Of Beef and Romorantin

8/8/11 -

Stuck with inflexible schedules and innumerable meals to consume, for most of us, wine pairing is relegated to an exercise in the perfunctory; grabbing a bottle based upon vague intuition in hopes of achieving only mild harmony between flavors and textures. Truly transcendent pairings—those whose innate beauty renders the imbiber momentarily speechless—are typically the result of serendipitous epiphany followed by meticulous, and rather expensive, experimentation. Such pairings rarely hark to tradition, and are likely to inspire skepticism prior to consumption.

Fortunately for you, faithful reader, such an encounter between a slab of unctuous wagyushu (a hybrid of Japanese and North American livestock) and a bottle of late-harvest Romorantin led a small group of Chamber St. acolytes to recreate the experience while attempting to find other atypical, synergistic pairings. Fortuitously, the results remain seasonally appropriate. 

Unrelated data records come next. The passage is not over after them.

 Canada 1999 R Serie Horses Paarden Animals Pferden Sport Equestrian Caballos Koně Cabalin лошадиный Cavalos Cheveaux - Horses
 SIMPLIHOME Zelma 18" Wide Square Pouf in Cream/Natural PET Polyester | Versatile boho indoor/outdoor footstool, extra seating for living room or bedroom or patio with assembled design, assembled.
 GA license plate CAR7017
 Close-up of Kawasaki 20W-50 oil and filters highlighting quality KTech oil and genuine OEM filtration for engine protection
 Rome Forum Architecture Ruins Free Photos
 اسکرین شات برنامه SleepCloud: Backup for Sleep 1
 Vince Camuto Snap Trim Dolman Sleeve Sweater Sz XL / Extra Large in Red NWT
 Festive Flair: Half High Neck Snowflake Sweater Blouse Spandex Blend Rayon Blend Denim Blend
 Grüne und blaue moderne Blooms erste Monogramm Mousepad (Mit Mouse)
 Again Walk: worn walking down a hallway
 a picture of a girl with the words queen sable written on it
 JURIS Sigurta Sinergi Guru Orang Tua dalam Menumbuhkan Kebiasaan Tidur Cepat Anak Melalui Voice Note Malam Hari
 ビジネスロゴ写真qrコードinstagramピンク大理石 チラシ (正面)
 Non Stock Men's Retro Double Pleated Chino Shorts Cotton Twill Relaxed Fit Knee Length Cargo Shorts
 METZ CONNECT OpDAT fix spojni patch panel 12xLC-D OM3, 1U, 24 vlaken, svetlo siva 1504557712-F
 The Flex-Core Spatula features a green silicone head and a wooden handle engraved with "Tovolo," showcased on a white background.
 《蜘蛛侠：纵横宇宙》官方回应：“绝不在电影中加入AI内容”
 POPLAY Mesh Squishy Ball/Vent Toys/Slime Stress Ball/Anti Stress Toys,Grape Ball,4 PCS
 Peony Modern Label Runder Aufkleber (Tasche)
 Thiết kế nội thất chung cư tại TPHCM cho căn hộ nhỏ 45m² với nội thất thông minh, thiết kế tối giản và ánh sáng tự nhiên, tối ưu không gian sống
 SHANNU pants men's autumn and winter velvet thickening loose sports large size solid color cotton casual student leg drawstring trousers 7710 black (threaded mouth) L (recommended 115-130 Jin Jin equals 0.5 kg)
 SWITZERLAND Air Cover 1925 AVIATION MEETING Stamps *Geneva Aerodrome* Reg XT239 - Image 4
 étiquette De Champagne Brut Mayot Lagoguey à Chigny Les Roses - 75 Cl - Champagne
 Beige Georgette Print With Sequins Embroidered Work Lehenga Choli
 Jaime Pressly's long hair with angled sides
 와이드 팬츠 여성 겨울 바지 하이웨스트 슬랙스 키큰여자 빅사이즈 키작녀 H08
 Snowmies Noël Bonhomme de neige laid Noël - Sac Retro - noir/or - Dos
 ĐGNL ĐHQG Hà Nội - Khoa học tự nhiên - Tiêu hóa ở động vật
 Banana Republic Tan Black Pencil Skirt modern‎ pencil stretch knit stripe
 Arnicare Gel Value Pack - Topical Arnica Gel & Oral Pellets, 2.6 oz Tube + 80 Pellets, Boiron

The incomprehensibly intense, glutamic character of wagyushu (accompanied by Japanese eggplants and chorizo oil mayonnaise) was rounded out impressively by ‘02 Francois Cazin ‘Cuvée Renaissance’; oily viscosity, intense acidity, a significant quantity of residual sugar and savory aromatics acted not only as a foil to the beef, but as components of the dish itself, necessary to achieve a sense of overall balance.  Though slightly too delicate for the heavily marbled ribeye, modestly oxidative ‘09 Clos Cibonne Tibouren Rosé and honeyed, saline ‘09 Frantz Saumon Montlouis ‘le Clos du Chene’ matched the ferrous flavor of the beef exceptionally well; both would pair perfectly with significantly leaner cuts such as hanger or flank steak.  -Stephanie

 

Recipe:

Chorizo Oil Mayonnaise

Ingredients:

2 egg yolks

2 tbsp lemon juice

1 tbsp white wine vinegar

Pinch of caster sugar

Salt

1 cup chorizo oil

 

Chorizo Oil:

½ lb. Spanish-style fresh chorizo

1 cup neutral vegetable oil

Remove chorizo from casing and place in a small saucepan with vegetable oil. Over low heat, fry chorizo until the oil stops bubbling. Remove from burner; once the oil has reached room temperature, strain through a fine-mesh sieve and reserve.

With immersion blender:

In order listed, place ingredients into a tall, narrow, cylindrical vessel.

Fully immerse blender, pulse for 30 seconds. Without stopping the motor, slowly raise immersion blender to the top of the vessel. Incorporate any unemulsifed oil with a spatula.

 

Manually:

Place all ingredients except chorizo oil into a small metal mixing bowl. Whisk vigorously until homogeneous. Still whisking, add a few drops of oil; once incorporated repeat the this process. When the mixture begins to thicken, pour the remainder of the chorizo oil into the mixture in a slow, steady stream. After preparation, the consistency of the mayonnaise can be adjusted with the addition of more oil or lemon juice.